See the highlighted lines above and scroll right if you don’t see the metric values…

  • The physical read total multi block requests statistic confirms that indeed there were some multiblock reads done by the monitored session.
  • The physical reads cache prefetch metric indicates that there was some data block prefetching happening! This explains why we had multiblock reads done where only single block reads were really needed.

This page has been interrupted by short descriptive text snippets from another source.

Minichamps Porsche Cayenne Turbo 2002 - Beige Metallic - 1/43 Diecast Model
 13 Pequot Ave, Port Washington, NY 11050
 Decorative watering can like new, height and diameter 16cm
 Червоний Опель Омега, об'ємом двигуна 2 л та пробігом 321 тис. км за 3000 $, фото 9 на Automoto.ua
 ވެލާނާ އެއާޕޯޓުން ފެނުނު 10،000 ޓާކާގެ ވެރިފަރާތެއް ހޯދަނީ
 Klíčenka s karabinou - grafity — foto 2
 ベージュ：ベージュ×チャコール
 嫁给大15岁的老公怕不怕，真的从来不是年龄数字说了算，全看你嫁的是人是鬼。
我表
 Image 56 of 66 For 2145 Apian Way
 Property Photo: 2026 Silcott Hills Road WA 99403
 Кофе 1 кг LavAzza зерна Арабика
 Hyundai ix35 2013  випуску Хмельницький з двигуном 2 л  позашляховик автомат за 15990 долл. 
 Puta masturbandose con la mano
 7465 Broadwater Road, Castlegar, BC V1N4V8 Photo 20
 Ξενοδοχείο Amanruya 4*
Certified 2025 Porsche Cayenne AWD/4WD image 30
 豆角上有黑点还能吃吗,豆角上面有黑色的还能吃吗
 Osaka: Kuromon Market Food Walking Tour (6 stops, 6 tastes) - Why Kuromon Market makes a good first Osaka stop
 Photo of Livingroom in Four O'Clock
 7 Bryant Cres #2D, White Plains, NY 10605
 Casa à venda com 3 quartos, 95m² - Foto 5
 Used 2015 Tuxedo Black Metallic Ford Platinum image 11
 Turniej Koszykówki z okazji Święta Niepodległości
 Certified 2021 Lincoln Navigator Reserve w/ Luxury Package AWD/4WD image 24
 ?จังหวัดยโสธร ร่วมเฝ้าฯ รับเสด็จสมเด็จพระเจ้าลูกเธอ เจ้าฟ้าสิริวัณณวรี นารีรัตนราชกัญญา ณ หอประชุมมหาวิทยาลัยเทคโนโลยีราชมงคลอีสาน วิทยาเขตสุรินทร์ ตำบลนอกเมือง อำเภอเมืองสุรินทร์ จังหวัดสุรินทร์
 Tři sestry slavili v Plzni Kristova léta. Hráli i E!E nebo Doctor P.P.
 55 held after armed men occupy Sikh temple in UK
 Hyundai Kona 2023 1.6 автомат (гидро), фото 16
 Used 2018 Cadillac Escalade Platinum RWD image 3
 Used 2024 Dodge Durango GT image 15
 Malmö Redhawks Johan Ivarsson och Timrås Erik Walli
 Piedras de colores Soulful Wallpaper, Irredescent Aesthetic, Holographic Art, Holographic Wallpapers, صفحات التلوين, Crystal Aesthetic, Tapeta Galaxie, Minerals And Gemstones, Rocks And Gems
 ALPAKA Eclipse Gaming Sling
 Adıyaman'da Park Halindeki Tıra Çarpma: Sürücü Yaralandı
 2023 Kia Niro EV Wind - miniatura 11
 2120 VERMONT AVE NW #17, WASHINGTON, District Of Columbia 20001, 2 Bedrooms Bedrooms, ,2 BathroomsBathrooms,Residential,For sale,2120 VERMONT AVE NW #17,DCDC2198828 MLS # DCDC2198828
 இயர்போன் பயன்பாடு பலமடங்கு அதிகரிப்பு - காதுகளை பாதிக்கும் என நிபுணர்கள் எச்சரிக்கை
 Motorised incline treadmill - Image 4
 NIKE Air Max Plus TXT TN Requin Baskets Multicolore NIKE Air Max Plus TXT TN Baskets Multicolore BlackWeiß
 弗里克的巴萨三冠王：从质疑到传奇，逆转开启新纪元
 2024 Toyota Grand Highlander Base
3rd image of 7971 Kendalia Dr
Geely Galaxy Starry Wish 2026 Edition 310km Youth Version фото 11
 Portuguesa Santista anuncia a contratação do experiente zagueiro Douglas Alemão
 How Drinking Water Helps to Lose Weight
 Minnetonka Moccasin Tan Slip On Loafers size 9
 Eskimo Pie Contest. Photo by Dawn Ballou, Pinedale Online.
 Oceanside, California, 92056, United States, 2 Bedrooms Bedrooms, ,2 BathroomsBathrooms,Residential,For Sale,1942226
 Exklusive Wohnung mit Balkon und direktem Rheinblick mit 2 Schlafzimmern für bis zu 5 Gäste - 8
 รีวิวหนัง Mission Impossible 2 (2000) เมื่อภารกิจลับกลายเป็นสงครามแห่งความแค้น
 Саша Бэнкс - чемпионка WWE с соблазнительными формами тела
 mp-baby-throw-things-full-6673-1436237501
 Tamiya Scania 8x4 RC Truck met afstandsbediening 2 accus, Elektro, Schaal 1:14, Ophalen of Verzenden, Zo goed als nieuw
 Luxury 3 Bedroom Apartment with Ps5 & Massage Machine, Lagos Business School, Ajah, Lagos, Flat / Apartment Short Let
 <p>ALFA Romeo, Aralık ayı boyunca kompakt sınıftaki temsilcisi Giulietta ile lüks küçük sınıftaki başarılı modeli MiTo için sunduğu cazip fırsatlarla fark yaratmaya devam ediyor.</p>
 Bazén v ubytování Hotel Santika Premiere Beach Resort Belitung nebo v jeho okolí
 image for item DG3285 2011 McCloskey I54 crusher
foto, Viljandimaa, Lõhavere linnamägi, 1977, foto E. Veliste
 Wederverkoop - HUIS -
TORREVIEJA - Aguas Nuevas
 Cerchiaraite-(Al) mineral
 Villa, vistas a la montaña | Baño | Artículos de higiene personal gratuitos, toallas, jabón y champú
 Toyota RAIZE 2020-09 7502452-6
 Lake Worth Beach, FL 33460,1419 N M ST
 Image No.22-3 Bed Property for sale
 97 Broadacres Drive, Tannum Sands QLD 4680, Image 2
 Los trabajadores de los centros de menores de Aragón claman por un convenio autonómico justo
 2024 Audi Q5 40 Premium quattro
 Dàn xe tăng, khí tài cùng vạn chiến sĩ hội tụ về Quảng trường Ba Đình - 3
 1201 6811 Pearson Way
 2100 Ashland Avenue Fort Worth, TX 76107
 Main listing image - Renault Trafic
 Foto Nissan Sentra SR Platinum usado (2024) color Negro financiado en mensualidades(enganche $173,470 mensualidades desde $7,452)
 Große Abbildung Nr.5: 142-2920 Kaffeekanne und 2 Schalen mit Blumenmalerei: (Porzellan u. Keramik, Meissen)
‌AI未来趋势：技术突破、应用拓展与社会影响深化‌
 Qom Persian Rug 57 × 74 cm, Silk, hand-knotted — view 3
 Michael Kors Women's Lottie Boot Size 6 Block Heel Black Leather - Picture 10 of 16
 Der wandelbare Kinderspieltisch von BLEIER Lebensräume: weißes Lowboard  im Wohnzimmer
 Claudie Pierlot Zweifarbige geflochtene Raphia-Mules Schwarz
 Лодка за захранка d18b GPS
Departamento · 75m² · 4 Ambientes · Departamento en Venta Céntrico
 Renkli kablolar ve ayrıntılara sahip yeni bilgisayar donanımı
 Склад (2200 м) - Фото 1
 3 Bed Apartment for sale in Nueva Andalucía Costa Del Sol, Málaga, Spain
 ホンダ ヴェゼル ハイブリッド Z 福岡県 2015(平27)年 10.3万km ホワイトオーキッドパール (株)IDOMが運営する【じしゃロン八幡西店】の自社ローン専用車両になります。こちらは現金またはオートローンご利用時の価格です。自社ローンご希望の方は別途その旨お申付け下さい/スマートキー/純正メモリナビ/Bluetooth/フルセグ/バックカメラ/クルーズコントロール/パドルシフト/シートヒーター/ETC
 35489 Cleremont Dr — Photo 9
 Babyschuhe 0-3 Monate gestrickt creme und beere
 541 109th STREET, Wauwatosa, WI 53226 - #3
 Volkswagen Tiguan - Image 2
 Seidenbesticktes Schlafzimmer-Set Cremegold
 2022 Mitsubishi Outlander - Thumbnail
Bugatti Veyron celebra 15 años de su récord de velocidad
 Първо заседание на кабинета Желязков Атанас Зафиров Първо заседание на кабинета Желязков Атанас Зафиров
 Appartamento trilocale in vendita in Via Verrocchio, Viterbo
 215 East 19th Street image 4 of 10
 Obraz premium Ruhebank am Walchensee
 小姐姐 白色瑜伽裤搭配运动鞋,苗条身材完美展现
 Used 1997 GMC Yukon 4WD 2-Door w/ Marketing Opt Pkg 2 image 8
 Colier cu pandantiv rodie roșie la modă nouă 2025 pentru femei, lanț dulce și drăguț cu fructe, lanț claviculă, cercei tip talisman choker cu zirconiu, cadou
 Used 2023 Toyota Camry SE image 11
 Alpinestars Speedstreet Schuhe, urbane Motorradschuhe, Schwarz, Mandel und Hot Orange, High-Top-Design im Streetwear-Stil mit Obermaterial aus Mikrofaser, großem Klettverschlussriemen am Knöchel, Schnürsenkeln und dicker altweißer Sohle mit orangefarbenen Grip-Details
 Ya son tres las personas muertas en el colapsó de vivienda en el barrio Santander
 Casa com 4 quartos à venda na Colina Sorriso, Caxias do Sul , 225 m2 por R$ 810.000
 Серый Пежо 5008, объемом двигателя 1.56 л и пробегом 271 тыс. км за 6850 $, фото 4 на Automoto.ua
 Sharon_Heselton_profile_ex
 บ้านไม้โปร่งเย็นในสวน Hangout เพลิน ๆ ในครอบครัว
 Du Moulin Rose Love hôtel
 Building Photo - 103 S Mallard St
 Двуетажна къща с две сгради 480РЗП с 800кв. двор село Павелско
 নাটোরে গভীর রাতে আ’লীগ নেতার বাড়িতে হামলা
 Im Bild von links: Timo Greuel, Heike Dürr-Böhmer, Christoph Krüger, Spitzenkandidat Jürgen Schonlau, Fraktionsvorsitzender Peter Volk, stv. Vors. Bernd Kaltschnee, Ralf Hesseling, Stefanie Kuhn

  • And the physical reads prefetch warmup metric explains why did we do any prefetching at all – it’s for buffer cache warmup, where after a restart or a significant buffer cache size increase Oracle decides to populate the empty buffer cache with any data as fast as possible. Oracle assumes that a random multiblock read doesn’t take that much more time than a random single block read anyway, so why not just read a bunch of additional blocks from around that single block that the index access wanted to read. The read operation will be slightly slower, but it might help to avoid multiple future single block reads as they are already in cache. This should affect things only when you restart the instance or significantly increase the buffer cache size. So on a steady state production system you shouldn’t see it (and it’s for a good cause anyway), but if you do performance tests on some test database, change something, bounce the instance and immediately run a test – this may affect your test results. Btw, this is controlled by a hidden parameter _db_cache_pre_warm, but I’m mentioning this just for educational purposes here, I have never fixed a problem by changing this parameter so you should touch it only in your sandbox hacking database :)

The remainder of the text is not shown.